3.9838868375885461e-05

The p-value obtained is extremely small and extremely smaller than the threshold p of 0.1. This implies that we have to reject the null hypothesis and accept the alternate hypothesis. In other words, **there is a clear correlation between the name of a candidate and the success in getting a callback based on resume.**

The confidence interval assumed was 90% with a margin of error of 20%.

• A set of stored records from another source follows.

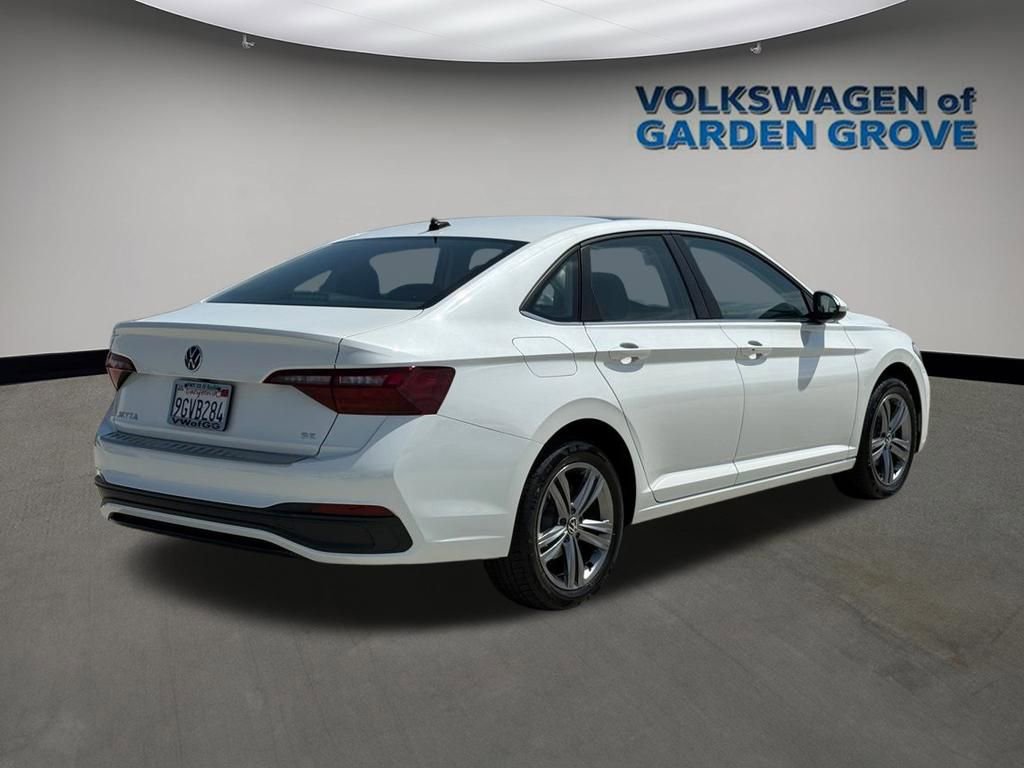 Used 2023 Volkswagen Jetta SE w/ Panoramic Sunroof Package FWD image 7
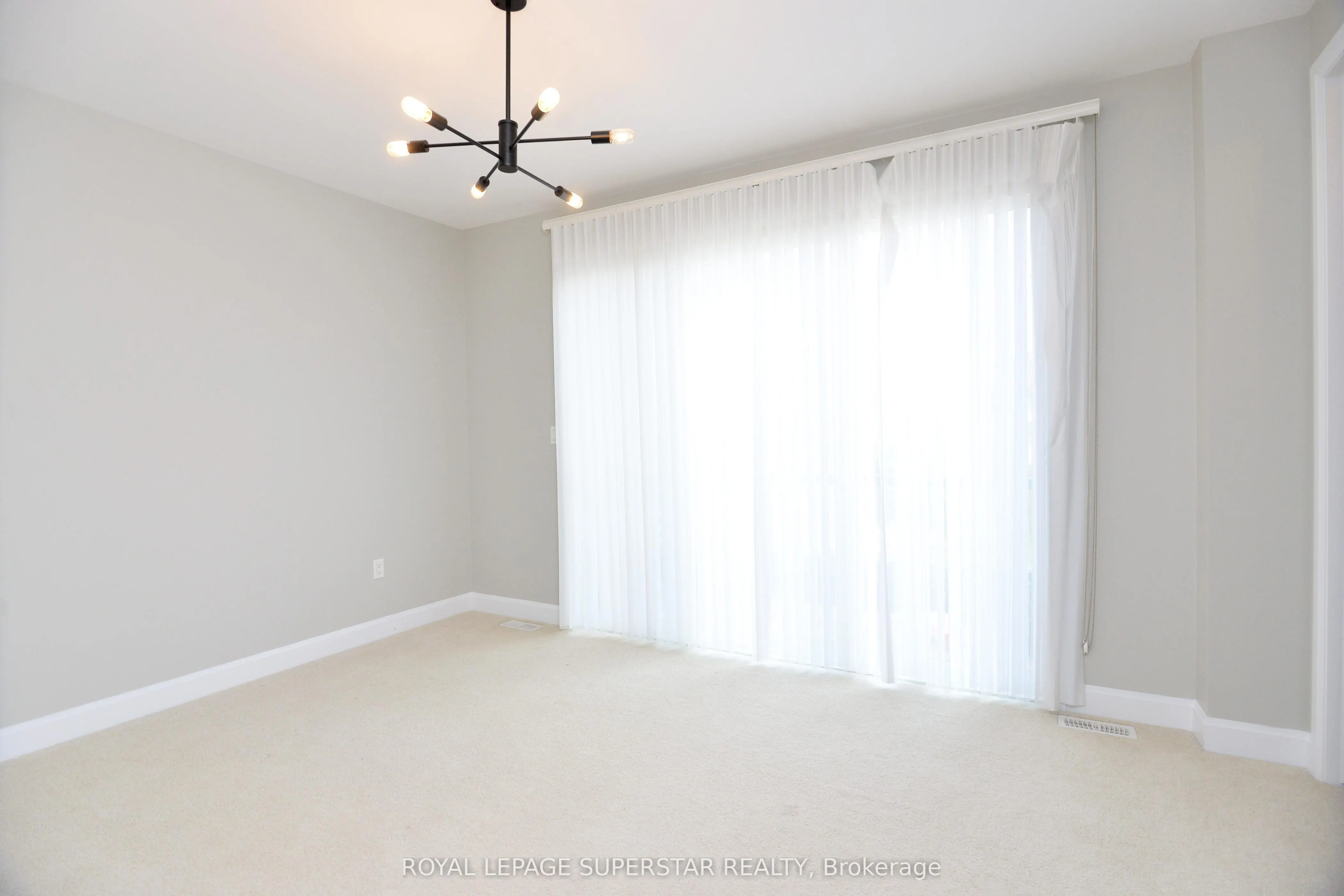 236 CHERRYHURST Road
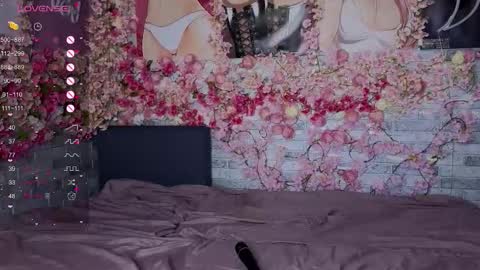 Snapshot of silly___woman chatting on 03-13-26, 08:26 silly___woman online show from 03-13-26, 08:26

## Conclusion and Final Remarks

1. There is a clear correlation between the names and the callback success of a particular person. This could imply that there is active discrimination taking place in the industry based on race.
2. However, we cannot conclude that name is the most important factor for callback success. While a correlation has been established, this does not directly implty causation. Other parameters such as education and work experience may also have a role to play and the relationship between all these variables have not been established to arrive at a definitive conclusion.

A possible amendment to this analysis is to check if names and callback success correlate to some third variable (such as work experience, education or age). If the correlation there is strong, we can offer an alternative hypothesis that both these variables are being influenced by a third variable and hence is correlated but not causated.